After more than five years of planning, the American Petroleum Institute (API) is preparing to release the 4th edition of API Standard 682 (ISO 21049:2011). The API 682 standard, which dates back to 1994 and is formally known as Shaft Sealing Systems for Centrifugal and Rotary Pumps, offers specifications and best practices for mechanical seals and systems to pump end users.

The standard’s latest edition began to take shape in 2006, when API formed a 4th edition task force to respond to end users’ questions and comments about previous editions. The task force soon realized that major changes, including reorganization and editing, would be necessary. While addressing every aspect of the resulting 4th edition (which is more than 250 pages long) would be impossible, this article summarizes the standard’s main points.

Those who use API 682 should understand the standard’s scope and remember that the standard does not include specifications for equipment outside that scope, such as engineered seals or mixers. Another important but often misunderstood point is that API 682’s figures are illustrative and not normative in their entirety.
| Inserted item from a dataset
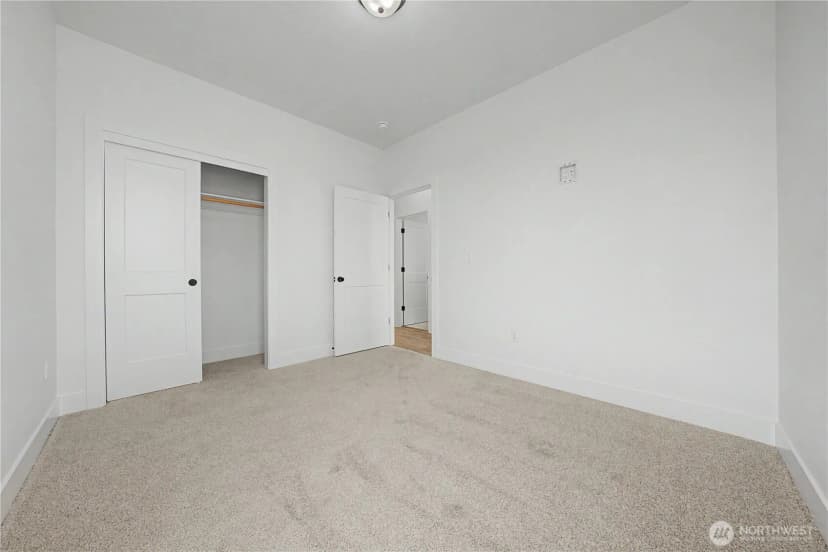 Property photo for 703 N Street Ne, Quincy photo 17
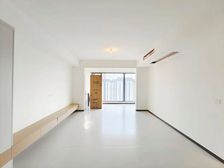 精装可拎包入住 朝南 交通便捷 有电梯 购物方便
For example, one of API 682’s figures shows a fixed throttle bushing combined with a rotating Type A seal, but seal manufacturers do not always have to combine these two components. The standard provides normative details in clauses and tables to help purchasers distinguish between requirements and suggestions.

The 4th edition continues to divide seals into three categories, three types and three arrangements. For all practical purposes, seal manufacturers can combine a seal’s component parts into nearly any orientation or configuration. Each orientation and configuration has advantages and disadvantages with respect to certain applications, performance and system disturbances.

Before the 4th edition, API 682 did not specify a minimum clearance between the inside diameter of a stationary seal part and the outside diameter of a rotating seal part. The 4th edition specifies this minimum clearance—typically the clearance between the sleeve and the mating ring. The specified clearances are representative of standard clearances that end users have used for decades. End users should not consider seal components to be “shaft catchers” to restrict shaft movement. The minimum clearance specified in API 682 also applies only to equipment within the standard’s scope. Equipment outside that scope, such as non-cartridge seals, older pumps, non-API 610 pumps and certain severe services, might benefit from larger clearances.

The new standard also updates the default bushings for the gland plate for the three seal categories. Fixed throttle bushings are now the default for Category 1 only, while floating bushings are the default for Categories 2 and 3.

While the 4th edition features the recommended seal selection procedure from the standard’s first three editions, it adds an alternative selection method in Annex A. Proposed by task force member Michael Goodrich, this alternative method recommends using material data sheet information to select a sealing arrangement.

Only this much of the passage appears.